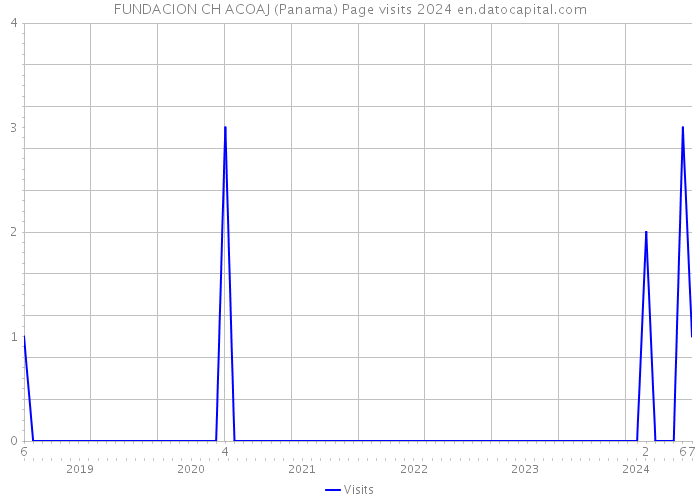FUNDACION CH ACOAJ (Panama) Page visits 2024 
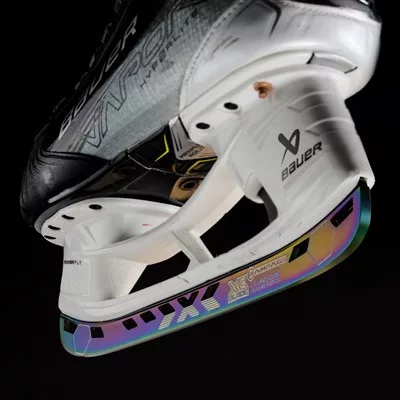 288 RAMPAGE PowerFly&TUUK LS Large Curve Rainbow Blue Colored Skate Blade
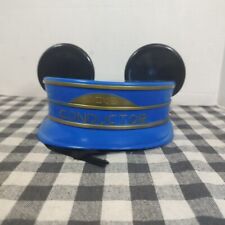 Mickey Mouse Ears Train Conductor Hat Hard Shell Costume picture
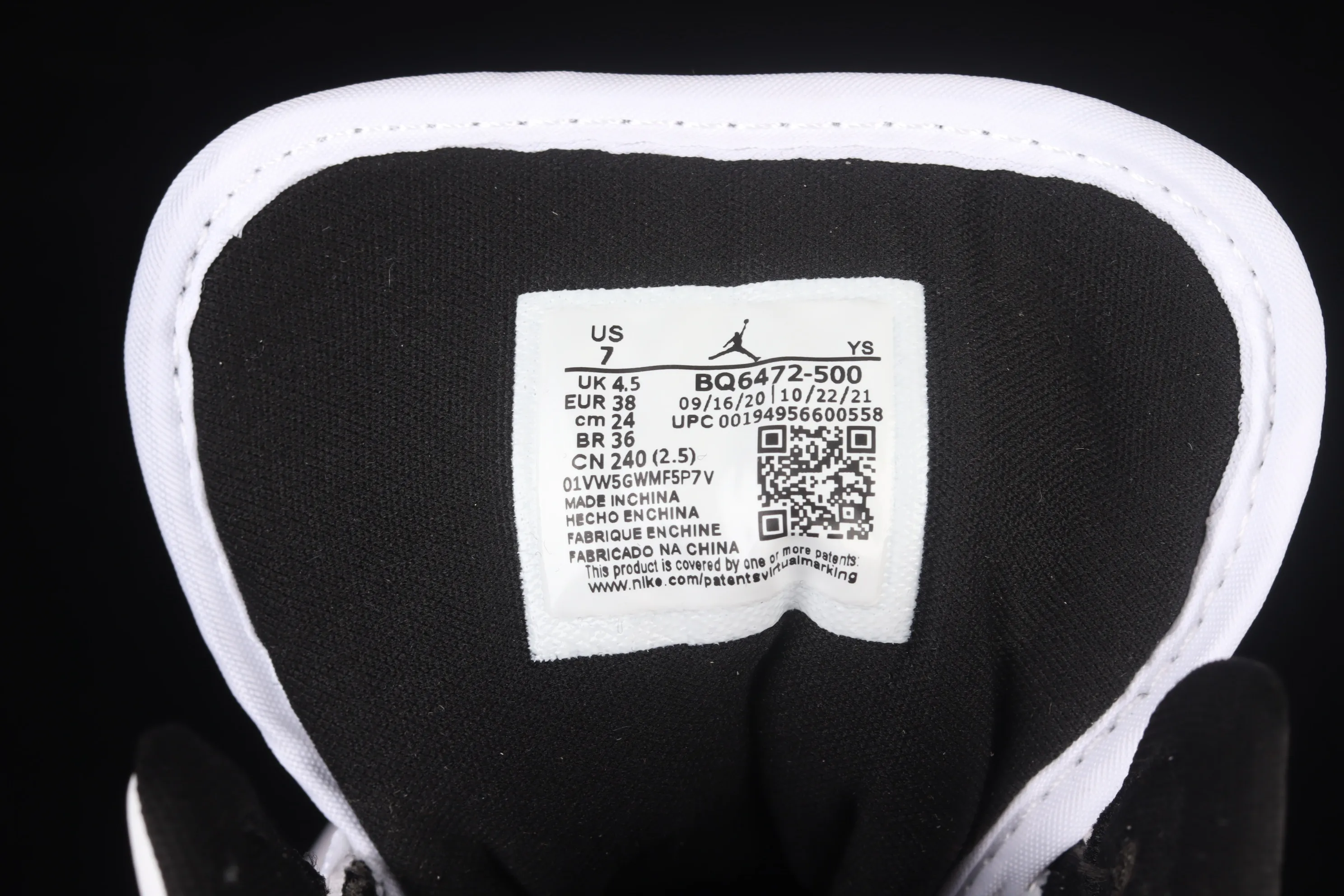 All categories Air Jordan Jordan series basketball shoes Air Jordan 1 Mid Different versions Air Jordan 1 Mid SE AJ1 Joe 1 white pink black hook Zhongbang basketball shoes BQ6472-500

Aim of the task
Every line from the one containing "Mickey Mouse Ears" to the last line of the material must be returned exactly. Leave out any pictures.

Answer space
 Mickey Mouse Ears Train Conductor Hat Hard Shell Costume picture
 All categories Air Jordan Jordan series basketball shoes Air Jordan 1 Mid Different versions Air Jordan 1 Mid SE AJ1 Joe 1 white pink black hook Zhongbang basketball shoes BQ6472-500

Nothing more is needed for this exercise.